In this time of tight money for public services, one budget consideration boils down to this: Which costs more to park — a bike or a car?
That’s a no-brainer for the Washington Metropolitan Area Transit Authority, which runs the Metro mass-transit network in the nation’s capital.
The Washington Post reported Sunday that the transit authority’s long-range planners, “desperate to avoid having to build 30,000 to 40,000 expensive parking spaces at stations to meet the projected surge in ridership over the next 20 years, have launched an initiative to quintuple the number of cyclists.”
That would seem to require a sea change in the thinking of Washington’s commuters. The Post said that bike-to-rail commuters represent only 0.7 percent of Metrorail riders — compared with about 40 percent who drive, 33 percent who walk and 22 percent who take the bus to stations.
To lure cyclists, Metro plans to invest more than $11 million in projects to improve bicycle and pedestrian access to its rail stations through 2017, the Post reported.
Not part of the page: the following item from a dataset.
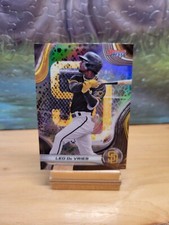 2024 Bowman’s Best Baseball Leo De Vries Top Prospect Refractor #TP-18 Padres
About $3 million of that would go toward replacing rapidly deteriorating bicycle racks and lockers and about $8 million to expanding bicycle parking and improving connections to stations from communities.
“It’s very much strategic for us to put a really big focus on bicycle parking,” Kristin Haldeman, Metro’s manager of access planning, told the Post.
She said it’s “an extremely expensive proposition” for the transit authority to expand parking for cars. Parking spaces cost on average $25,000 each, compared with $1,000 per space for a secured bike cage.
The Metro system has 1,700 free racks, which can hold two bicycles each, scattered among its 86 stations, and 1,270 key-operated lockers that rent for $200 a year, the Post said. New racks are planned for high-ridership stations, such as East Falls Church, Va., where more than 90 cyclists park and ride each weekday morning.
In another step to make Washington a more bike-friendly city, the District of Columbia and Arlington County, Va., across the Potomac River, inaugurated on Sept. 20 the nation’s largest bike-sharing system.
Called Capital Bikeshare, the system makes available 1,100 bikes at 114 kiosks in the district and northern Virginia. A user can check out a bike at any of the kiosks and return it to another station. The first 30 minutes of each trip are free. Each additional 30 minutes incurs a fee.
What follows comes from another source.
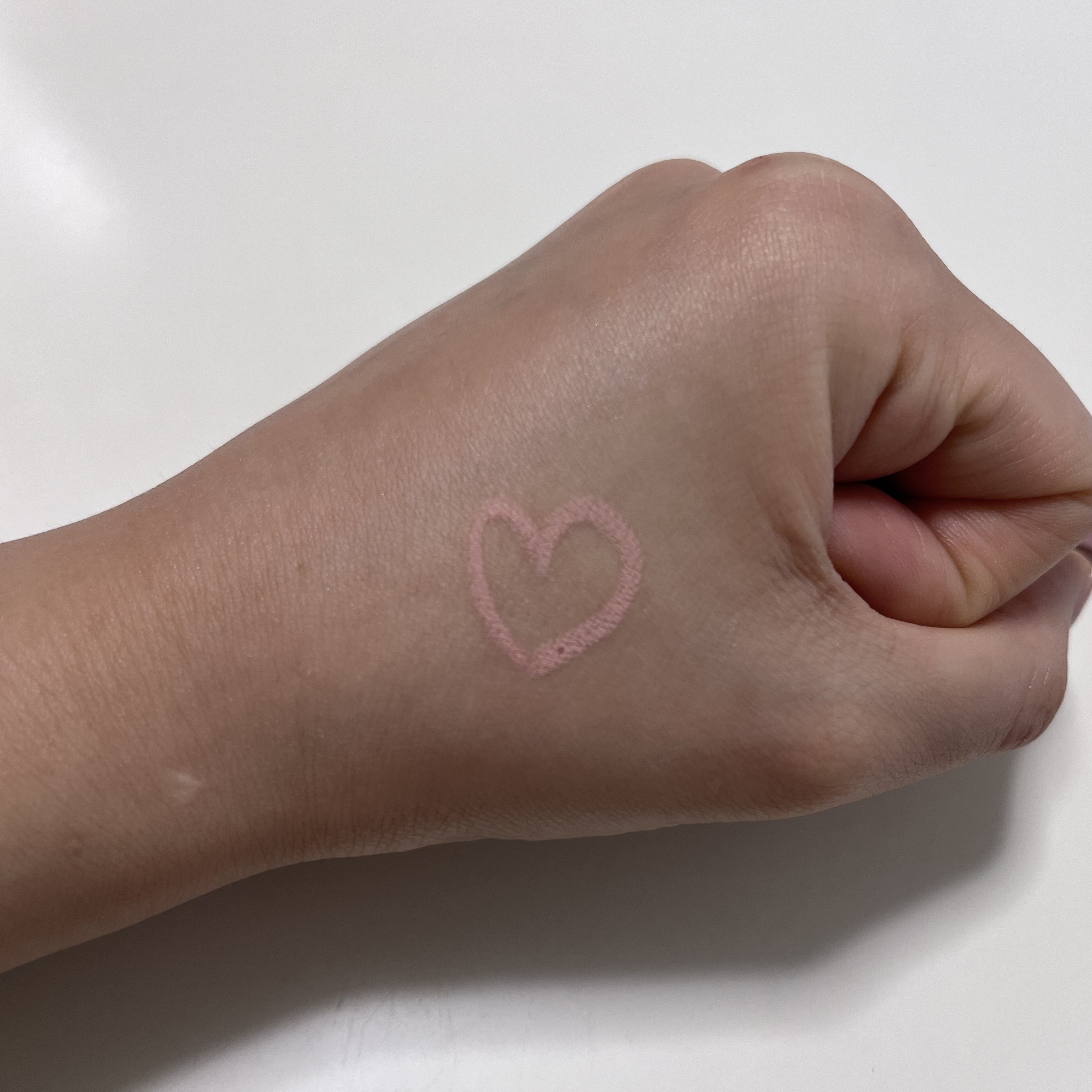 ポイントコンシーラー/CipiCipi/ペンシルコンシーラーを使ったクチコミ（2枚目）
Filed under Americana, Environment, Travels, Urban cycling

2 responses to “Luring cyclists to the trains

  1. arlen

    we all know that the republicans will vote this down….
    riding a bike will make them sweat like pigs…
    and they all do know how to oink….
    when they have to move their bodies….

  2. Is this relevant to anybody in DFW, where bikes are welcome on the trains?